An airline has collected an i.i.d. sample of $$10000$$ flight reservations and figured out that in this sample $$5$$ percent of passengers who made a reservation did not show up for the flight. They introduce a policy to sell $$100$$ tickets for a flight that can hold only $$99$$ passengers. Consider the following process of generating the two samples:

1. We sample $$10100$$ passenger show up events independently at random according to an unknown distribution $$p$$.
2. And then we split them into $$10000$$ passengers in the collected sample and 100 passengers booked for the $$99$$-seats flight.

Bound the probability of observing a sample of $$10000$$ with $$95$$% show ups and a $$99$$-seats flight with all $$100$$ passengers showing up by following the above sampling protocol. If you do things right, you can get a bound of about $$0.0062$$.

My idea was to apply Hoeffding's inequality but i do not quite understand how to apply it in this case. I also thought about using that $$P(A)\geq P(A \text{and} B)$$ but i think i might have misunderstood the assignment.
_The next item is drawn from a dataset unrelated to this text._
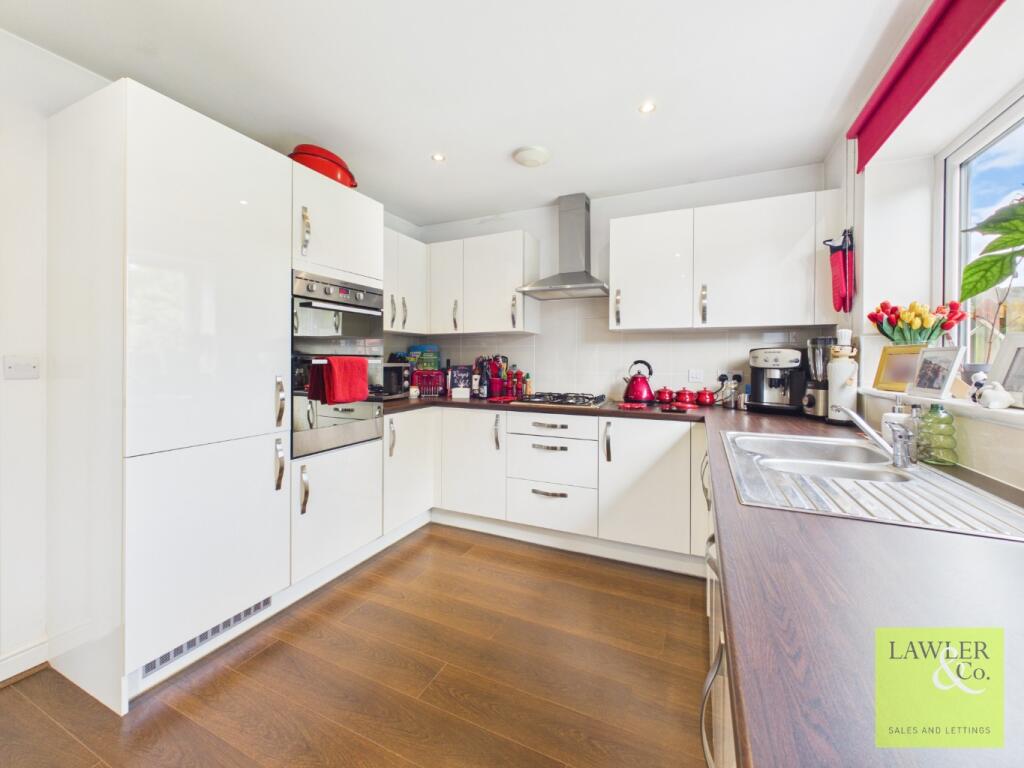 House in Tameside, Greater Manchester - View 4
• Not following. What "two samples" are you talking about? What is a "passenger show up event"? What is it you want to compute or estimate? – lulu Dec 16 '19 at 13:38
• Are you aware that (good) answers can be accepted $\left(\color{limegreen}{\checkmark} \right)$? – callculus Dec 16 '19 at 15:22

## 1 Answer

Each flight is going to be an "experiment" on its own. All you know is the $$p$$ you (the problem) calculated (i.e., the 5%), and that $$p$$ is a good approximation because of how big the survey was.

My first inclination would be to model this problem as a binomial random variable on $$100$$ seats.

That could theoretically be a pain in the butt, because of how the CDF is structured, but this time you only need to deal with the probability of a single event occurring...

If the problem involved complicated CDF calculations, I'd be looking at using a Central Limit theorem.

Good luck on your exam.